И персонажей для своих книг выбирает преимущественно с медицинским уклоном. Неравнодушен, как известно, к сыщикам, но те все-таки, пусть не обижаются за правду, идут вторым эшелоном.
А в первом — люди профессии, каковую он почитает за благороднейшую и чистейшую в человечестве.
Такой, как, скажем, доктор Калюжный — нелюдим, врачевавший в сельской глуши. Традиция тут шла не от светского, преуспевающего доктора Иноземцева, чье имя прославлено одноименными каплями, а именно от солдатского лекаря Пирогова.
Название пьесы, где угрюмая фигура Калюжного возникла перед зрителями, вызывающе ассоциативно.
«Сын народа».
Непримиримый Калюжный был не прототипом автора — слаб человек! — авторским идеалом.
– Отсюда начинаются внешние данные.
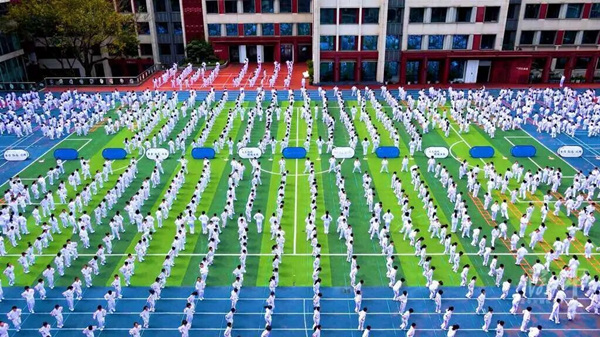 渝中校園開展大課間活動。渝中區教委供圖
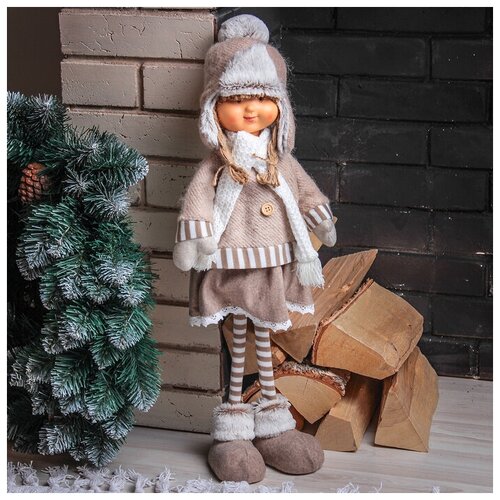 Кукла интерьерная Маруся в шапочке-ушанке 52 см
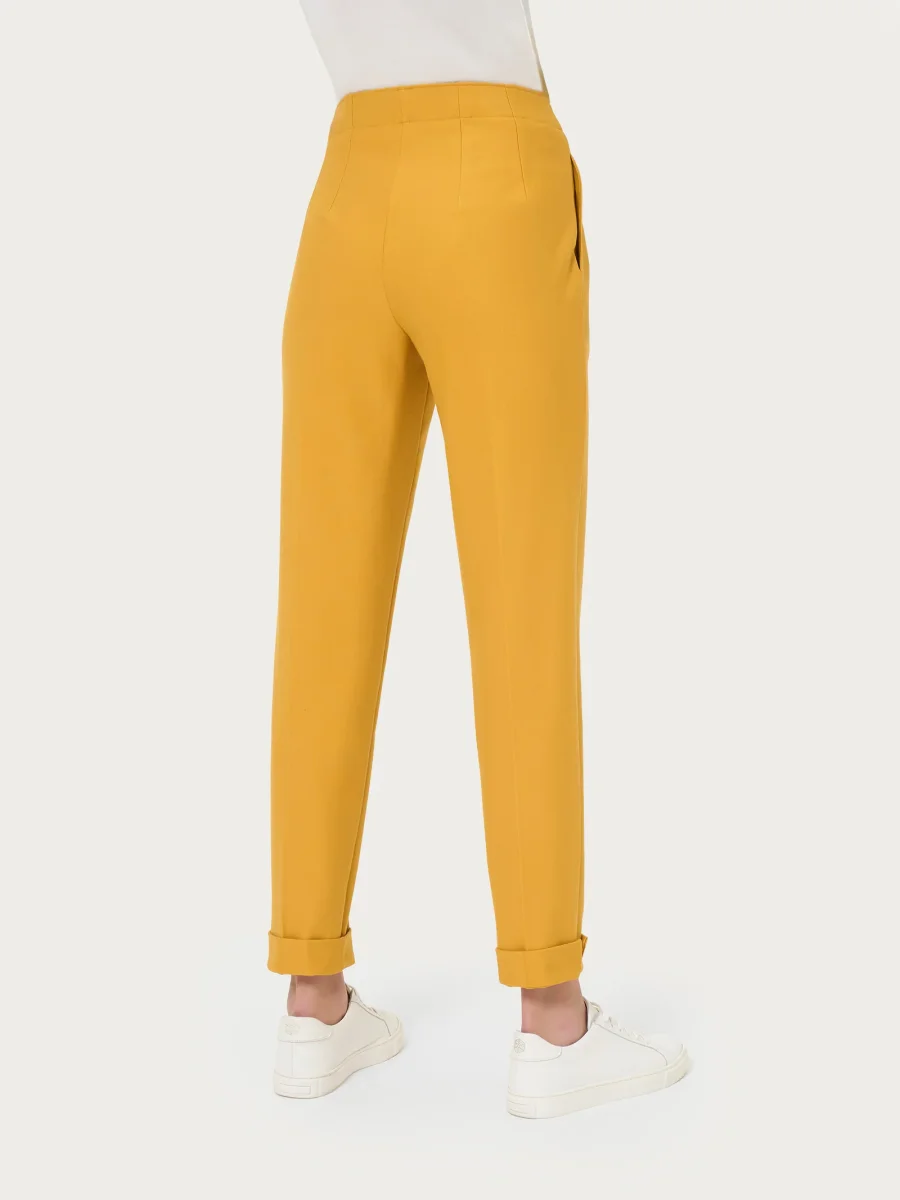 Pantalone a carota con tasche in tessuto Compact - Golden Spice - immagine 3
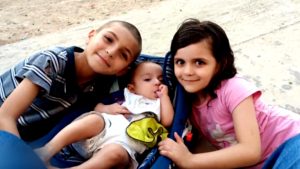 طبيبة تفجع بفقدان أطفالها إثر غارة إسرائيلية على منزلها في غزة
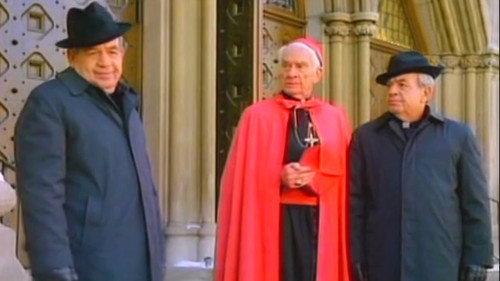 Father Dowling Mysteries Season 1 Episode 7 - The Face In The Mirror Mystery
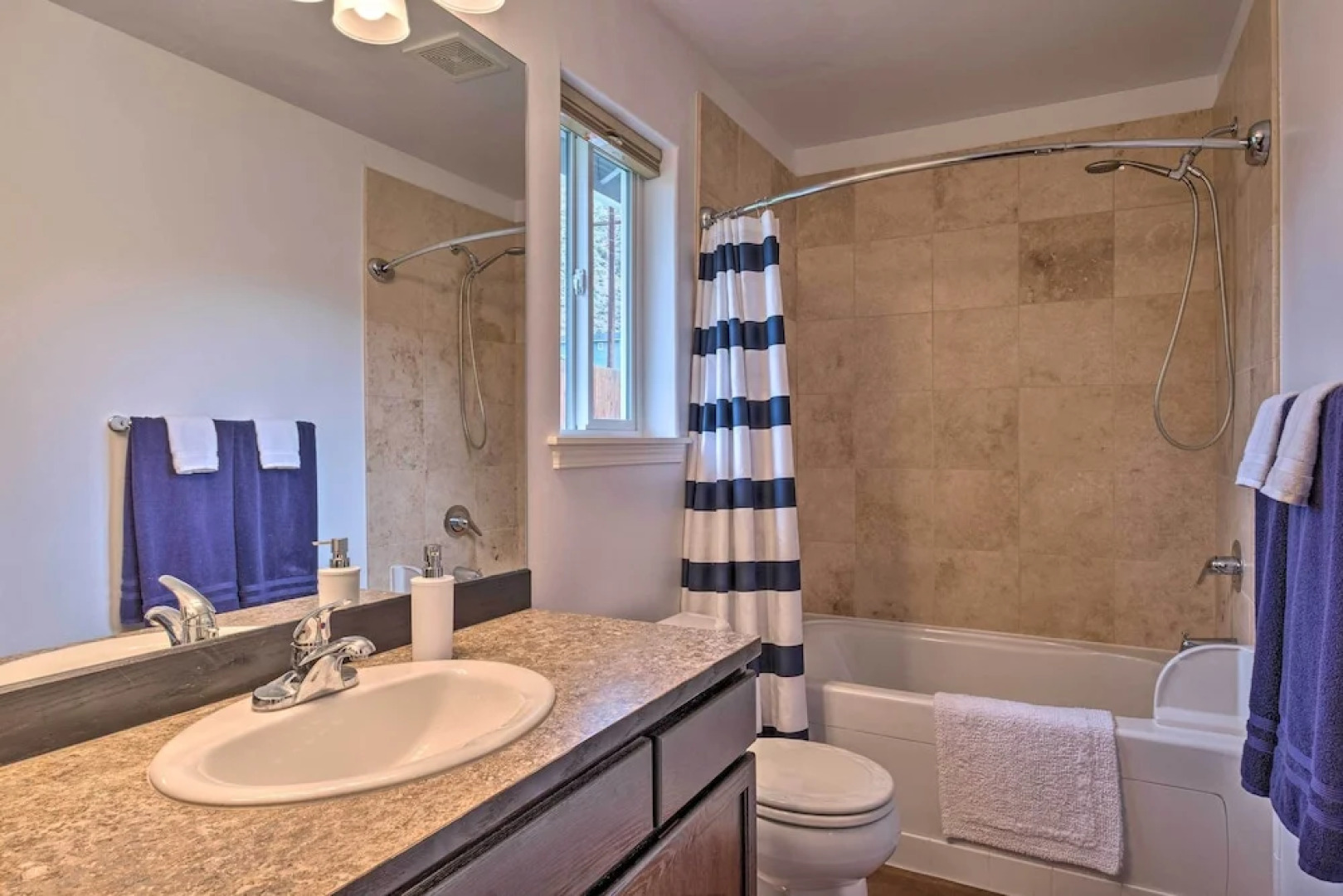 Saddle Rock East: Wenatchee Home < 3 Miles to Town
Из пьесы нелюдим уходит на экран.
Но Калюжного Герман от себя не отпускает, вместе с ним он на войне, только Калюжный становится Устименко, сохраняя, впрочем, свою маратовскую непримиримость, свою мрачноватую угловатость, презрение к показному, душевную девственность, не поколебленную немыслимыми катаклизмами столетия.
И своих героинь ищет после Антонины из «Наших знакомых» в медицинской среде. Так написались «Сестры», пьеса об обороне Севастополя в прошлом веке. А в сорок втором, когда Герман служил на Северном флоте, сестры воскресают в повести «Медсестра Надя Гречуха».
Рассказы о Пирогове, родившие «Сестер», написал до войны, помню, как он читал рассказ «Буцефал», который показался лучшим из написанного им.
И «Буцефал» воскреснет спустя годы в сценарии «Пирогов».
Были и упоминавшиеся подполковник медицинской службы Левин, и Ашхен Оганян, была документальная повесть «Доктор Слупский».
Впрочем, сам до болезни к врачам никогда не обращался, напротив. Не жалует санаториев и домов отдыха, искренне не понимает, зачем люди туда едут. Не знает своего давления. Веса. Состава крови. На него не заведены, как на остальных всех советских смертных, санаторные карта, нигде, ни в каких поликлиниках нет истории его болезни. Да и болезней, в общем, если не считать насморков, головных болей, легких простуд, тоже нет.